- [THE PROBLEM]:
In the records below, find every line that contains "tiger" and list it.
»»
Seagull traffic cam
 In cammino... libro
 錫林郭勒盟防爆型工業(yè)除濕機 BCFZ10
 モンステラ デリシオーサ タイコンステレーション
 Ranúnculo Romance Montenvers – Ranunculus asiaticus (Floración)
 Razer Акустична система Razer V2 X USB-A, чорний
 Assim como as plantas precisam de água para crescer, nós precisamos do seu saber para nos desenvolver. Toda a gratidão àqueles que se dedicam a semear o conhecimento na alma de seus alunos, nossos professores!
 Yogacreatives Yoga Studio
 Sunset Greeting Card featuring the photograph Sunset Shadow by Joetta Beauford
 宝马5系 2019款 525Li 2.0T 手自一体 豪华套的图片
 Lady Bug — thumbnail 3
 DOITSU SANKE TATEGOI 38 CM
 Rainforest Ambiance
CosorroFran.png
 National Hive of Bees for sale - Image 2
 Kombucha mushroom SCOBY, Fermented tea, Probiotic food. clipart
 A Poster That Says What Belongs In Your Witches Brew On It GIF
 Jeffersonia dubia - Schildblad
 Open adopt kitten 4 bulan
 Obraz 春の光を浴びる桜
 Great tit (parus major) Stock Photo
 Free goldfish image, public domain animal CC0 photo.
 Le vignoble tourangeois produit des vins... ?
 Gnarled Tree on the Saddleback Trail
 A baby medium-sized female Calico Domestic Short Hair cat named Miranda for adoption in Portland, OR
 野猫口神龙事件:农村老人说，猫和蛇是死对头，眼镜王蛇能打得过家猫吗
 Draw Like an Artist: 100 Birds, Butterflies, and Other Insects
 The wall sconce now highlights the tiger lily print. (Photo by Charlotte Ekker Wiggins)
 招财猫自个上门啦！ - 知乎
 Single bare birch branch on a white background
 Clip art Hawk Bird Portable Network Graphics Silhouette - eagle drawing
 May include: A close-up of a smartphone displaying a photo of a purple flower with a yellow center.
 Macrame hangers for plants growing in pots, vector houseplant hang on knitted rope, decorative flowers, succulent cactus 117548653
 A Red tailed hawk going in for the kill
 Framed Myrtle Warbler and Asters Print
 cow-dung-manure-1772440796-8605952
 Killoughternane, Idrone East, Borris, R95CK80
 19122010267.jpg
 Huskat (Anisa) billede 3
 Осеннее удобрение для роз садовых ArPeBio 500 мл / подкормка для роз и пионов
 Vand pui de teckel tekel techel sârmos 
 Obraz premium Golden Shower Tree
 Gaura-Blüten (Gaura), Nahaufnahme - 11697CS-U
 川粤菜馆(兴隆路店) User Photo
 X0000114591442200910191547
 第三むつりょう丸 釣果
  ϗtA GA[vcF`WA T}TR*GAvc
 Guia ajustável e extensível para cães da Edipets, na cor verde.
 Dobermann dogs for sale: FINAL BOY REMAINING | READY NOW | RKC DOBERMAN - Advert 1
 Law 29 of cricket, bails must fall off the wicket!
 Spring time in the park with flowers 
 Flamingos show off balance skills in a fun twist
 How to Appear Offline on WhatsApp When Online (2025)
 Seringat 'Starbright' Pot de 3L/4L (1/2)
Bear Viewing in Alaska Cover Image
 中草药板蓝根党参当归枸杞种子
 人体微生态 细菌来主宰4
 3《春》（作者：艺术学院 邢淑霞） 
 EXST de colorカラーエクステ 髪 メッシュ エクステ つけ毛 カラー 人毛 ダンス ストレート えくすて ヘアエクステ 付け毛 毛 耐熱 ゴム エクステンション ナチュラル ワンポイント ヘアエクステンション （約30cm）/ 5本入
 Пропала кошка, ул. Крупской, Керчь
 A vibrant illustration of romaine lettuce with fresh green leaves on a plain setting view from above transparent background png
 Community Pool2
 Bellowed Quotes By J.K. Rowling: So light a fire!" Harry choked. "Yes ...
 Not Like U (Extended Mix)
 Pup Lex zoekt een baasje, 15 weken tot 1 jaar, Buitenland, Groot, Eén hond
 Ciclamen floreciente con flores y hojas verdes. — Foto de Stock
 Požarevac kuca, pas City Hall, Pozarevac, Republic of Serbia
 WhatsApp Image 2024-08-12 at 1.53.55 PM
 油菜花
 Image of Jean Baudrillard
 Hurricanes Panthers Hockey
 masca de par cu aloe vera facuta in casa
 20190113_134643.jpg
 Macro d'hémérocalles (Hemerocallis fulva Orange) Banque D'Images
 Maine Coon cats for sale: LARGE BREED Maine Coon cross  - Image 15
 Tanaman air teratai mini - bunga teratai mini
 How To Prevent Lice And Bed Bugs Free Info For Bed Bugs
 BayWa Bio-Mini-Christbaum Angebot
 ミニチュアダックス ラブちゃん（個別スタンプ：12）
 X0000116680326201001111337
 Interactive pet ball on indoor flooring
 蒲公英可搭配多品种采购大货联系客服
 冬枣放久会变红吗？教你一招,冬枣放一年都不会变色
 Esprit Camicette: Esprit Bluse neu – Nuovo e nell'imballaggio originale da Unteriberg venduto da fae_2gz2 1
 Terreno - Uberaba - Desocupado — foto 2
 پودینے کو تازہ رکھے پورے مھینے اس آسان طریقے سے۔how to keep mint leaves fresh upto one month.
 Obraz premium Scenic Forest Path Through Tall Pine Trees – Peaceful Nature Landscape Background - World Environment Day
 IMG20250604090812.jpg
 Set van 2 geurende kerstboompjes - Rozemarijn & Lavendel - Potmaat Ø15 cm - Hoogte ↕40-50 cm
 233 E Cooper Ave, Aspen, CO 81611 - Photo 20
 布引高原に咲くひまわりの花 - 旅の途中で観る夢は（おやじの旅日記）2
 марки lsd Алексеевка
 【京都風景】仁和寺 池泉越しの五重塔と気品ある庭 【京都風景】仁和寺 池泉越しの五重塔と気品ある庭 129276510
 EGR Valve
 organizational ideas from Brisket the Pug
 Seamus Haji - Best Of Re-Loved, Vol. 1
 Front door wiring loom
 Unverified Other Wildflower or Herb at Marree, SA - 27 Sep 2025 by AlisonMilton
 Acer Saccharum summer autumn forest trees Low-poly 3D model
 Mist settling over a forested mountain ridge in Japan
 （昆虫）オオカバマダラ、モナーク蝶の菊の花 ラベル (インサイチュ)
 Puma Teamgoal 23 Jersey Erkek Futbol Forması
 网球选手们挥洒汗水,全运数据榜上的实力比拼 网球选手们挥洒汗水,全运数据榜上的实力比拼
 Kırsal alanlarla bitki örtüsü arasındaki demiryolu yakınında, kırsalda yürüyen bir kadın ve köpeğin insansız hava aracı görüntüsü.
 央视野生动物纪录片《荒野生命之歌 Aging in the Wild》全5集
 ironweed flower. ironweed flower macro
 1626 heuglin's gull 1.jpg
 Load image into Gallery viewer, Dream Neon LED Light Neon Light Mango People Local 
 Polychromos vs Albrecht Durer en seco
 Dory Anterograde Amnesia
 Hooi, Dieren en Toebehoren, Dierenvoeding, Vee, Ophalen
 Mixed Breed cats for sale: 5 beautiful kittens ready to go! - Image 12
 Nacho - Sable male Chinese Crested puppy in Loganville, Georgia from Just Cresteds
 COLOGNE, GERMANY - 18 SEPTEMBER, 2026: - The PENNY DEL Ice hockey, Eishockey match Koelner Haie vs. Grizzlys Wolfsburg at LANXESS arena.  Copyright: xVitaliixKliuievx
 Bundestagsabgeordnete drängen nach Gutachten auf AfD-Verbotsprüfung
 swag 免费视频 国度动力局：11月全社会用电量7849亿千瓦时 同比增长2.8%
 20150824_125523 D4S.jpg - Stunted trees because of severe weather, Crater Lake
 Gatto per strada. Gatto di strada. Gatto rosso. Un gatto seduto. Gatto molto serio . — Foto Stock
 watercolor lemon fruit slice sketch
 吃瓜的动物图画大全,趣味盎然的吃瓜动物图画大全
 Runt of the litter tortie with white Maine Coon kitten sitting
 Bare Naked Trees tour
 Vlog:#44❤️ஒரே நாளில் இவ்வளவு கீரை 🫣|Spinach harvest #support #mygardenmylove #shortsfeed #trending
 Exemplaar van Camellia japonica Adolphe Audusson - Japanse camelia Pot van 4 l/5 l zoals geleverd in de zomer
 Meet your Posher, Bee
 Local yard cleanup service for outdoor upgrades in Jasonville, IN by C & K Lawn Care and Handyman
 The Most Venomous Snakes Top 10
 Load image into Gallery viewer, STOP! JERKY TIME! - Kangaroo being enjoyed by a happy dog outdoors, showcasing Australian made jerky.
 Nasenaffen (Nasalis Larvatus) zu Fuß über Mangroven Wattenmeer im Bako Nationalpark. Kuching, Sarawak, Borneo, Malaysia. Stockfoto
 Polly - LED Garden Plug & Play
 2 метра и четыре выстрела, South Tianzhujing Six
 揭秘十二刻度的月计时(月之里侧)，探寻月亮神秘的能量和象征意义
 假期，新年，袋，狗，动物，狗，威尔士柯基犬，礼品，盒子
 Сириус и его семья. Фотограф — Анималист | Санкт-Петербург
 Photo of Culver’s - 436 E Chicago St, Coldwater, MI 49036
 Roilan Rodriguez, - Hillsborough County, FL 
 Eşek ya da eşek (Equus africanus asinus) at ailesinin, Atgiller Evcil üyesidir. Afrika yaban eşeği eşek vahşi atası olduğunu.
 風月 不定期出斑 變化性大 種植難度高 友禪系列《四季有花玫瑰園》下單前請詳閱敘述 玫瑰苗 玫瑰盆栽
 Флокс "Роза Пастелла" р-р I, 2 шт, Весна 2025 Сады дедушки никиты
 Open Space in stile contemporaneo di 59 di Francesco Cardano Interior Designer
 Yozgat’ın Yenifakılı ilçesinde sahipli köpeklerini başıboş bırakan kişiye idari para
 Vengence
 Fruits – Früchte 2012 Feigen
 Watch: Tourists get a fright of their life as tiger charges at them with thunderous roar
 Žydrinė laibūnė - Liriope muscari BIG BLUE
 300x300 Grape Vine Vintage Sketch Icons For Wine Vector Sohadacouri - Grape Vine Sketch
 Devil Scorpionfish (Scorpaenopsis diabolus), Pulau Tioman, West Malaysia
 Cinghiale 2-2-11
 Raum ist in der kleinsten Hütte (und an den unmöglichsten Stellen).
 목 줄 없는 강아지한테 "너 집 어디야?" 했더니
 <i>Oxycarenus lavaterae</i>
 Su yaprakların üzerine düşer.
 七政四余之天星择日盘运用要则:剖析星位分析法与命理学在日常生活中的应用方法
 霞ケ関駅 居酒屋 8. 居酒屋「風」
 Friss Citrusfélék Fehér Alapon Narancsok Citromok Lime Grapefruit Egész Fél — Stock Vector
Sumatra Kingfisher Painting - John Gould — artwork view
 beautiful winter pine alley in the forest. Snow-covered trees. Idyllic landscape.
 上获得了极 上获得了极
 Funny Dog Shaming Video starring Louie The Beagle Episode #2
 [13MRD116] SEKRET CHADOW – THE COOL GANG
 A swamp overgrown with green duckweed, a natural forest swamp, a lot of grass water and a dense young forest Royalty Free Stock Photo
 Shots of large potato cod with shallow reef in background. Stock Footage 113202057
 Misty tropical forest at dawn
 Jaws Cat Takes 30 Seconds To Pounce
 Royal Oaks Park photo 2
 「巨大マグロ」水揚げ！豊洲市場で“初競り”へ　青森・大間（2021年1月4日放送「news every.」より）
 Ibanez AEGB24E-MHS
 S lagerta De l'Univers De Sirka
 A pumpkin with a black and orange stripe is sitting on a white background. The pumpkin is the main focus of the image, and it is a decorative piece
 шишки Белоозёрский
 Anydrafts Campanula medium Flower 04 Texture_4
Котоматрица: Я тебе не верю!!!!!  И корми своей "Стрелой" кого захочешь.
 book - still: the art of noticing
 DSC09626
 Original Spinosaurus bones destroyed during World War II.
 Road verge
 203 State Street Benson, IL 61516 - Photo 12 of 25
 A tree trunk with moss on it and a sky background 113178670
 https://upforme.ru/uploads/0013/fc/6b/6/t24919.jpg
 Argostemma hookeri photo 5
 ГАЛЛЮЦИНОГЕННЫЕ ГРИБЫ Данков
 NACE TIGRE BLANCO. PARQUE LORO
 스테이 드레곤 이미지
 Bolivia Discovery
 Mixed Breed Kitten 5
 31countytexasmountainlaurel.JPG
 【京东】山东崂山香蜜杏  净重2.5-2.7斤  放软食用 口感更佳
««
- [RESPONSE TO THIS EXERCISE]:
 The wall sconce now highlights the tiger lily print. (Photo by Charlotte Ekker Wiggins)
 Watch: Tourists get a fright of their life as tiger charges at them with thunderous roar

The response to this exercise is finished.